Does Java have any functionality to generate random characters or strings? Or must one simply pick a random integer and convert that integer\'s ascii code to a character?

Answer 1

String abc = "ABCDEFGHIJKLMNOPQRSTUVWXYZ";

char letter = abc.charAt(rd.nextInt(abc.length()));

This one works as well.

Answer 2

private static char rndChar () {
    int rnd = (int) (Math.random() * 52); // or use Random or whatever
    char base = (rnd < 26) ? 'A' : 'a';
    return (char) (base + rnd % 26);

}

Generates values in the ranges a-z, A-Z.

Answer 3

This is a simple but useful discovery. It defines a class named RandomCharacter with 5 overloaded methods to get a certain type of character randomly.

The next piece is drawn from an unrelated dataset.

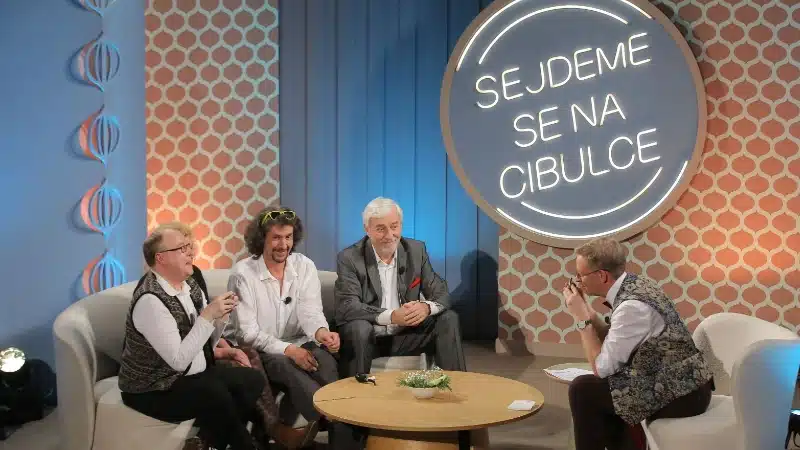 Sejdeme se na Cibulce — osvětlení Q PICTURES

You can use these methods in your future projects.

    public class RandomCharacter {
    /** Generate a random character between ch1 and ch2 */
    public static char getRandomCharacter(char ch1, char ch2) {
        return (char) (ch1 + Math.random() * (ch2 - ch1 + 1));
    }

    /** Generate a random lowercase letter */
    public static char getRandomLowerCaseLetter() {
        return getRandomCharacter('a', 'z');
    }

    /** Generate a random uppercase letter */
    public static char getRandomUpperCaseLetter() {
        return getRandomCharacter('A', 'Z');
    }

    /** Generate a random digit character */
    public static char getRandomDigitCharacter() {
        return getRandomCharacter('0', '9');
    }

    /** Generate a random character */
    public static char getRandomCharacter() {
        return getRandomCharacter('\u0000', '\uFFFF');
    }
}

To demonstrate how it works let's have a look at the following test program displaying 175 random lowercase letters.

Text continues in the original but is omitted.